真田は珍しく感傷的な気分になって線香花火を見つめていた。俺達はいつまでこうしていられるのだろうか、と柄にもなく思いを巡らせている。しかし矛盾もそこに生じていた。いくら未来について考えてみても、それを現実的に受け止めることができないのだ。ここに自分たちが三人でいることは本当に単純な必然で、この穏やかな時間はいつまでも続くものだと当然のように思っている自分がいる。いつまでもこうしていたいと、彼らしくない思いが花火と同じにパチパチとはじけていた。しかしやがて秋が終わり、冬が来て、春が来れば、彼らはもう中学三年生ではなくなる。同じ日は二度と来ない。

幸村はただじっと目先の線香花火に集中していた。落ちるなよ、と知らず知らずのうちにつぶやいていた。その言葉に反して小さな火の玉はあまりたくさんの火花を散らす間もなくぽとりと落ちて、手の中には細いこよりだけが残った。あーあ、とため息をつくと真田が新しい線香花火を差しだした。

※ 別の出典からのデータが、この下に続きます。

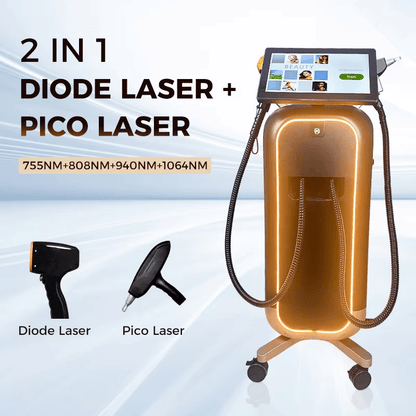 Dual Handle 808nm Diode Laser Hair Removal Machine for Professional Use - CSTrueBeauty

ありがとう、と受け取って火をつけた幸村はもう一度線香花火の始まりに気持ちを向けた。動かさないようぐっと集中して見つめ続ける。少しずつ火花は勢いを増して綺麗にパチパチと音をたてた。柳と真田もその大きさに見入った。三人は同じ火花を見つめて息を殺していた。
しかし突然拍子抜けしたように秋風が吹き、火の玉はあっけなく落ちた。同時に三人も我にかえって互いに顔を見合わせた。

「残念だな、今のはとても良かったのに」
「一番きれいだったね」

そう言って寂しそうに笑った幸村は昔と似た薄青のシャツを着ている、と真田は心のどこかで思った。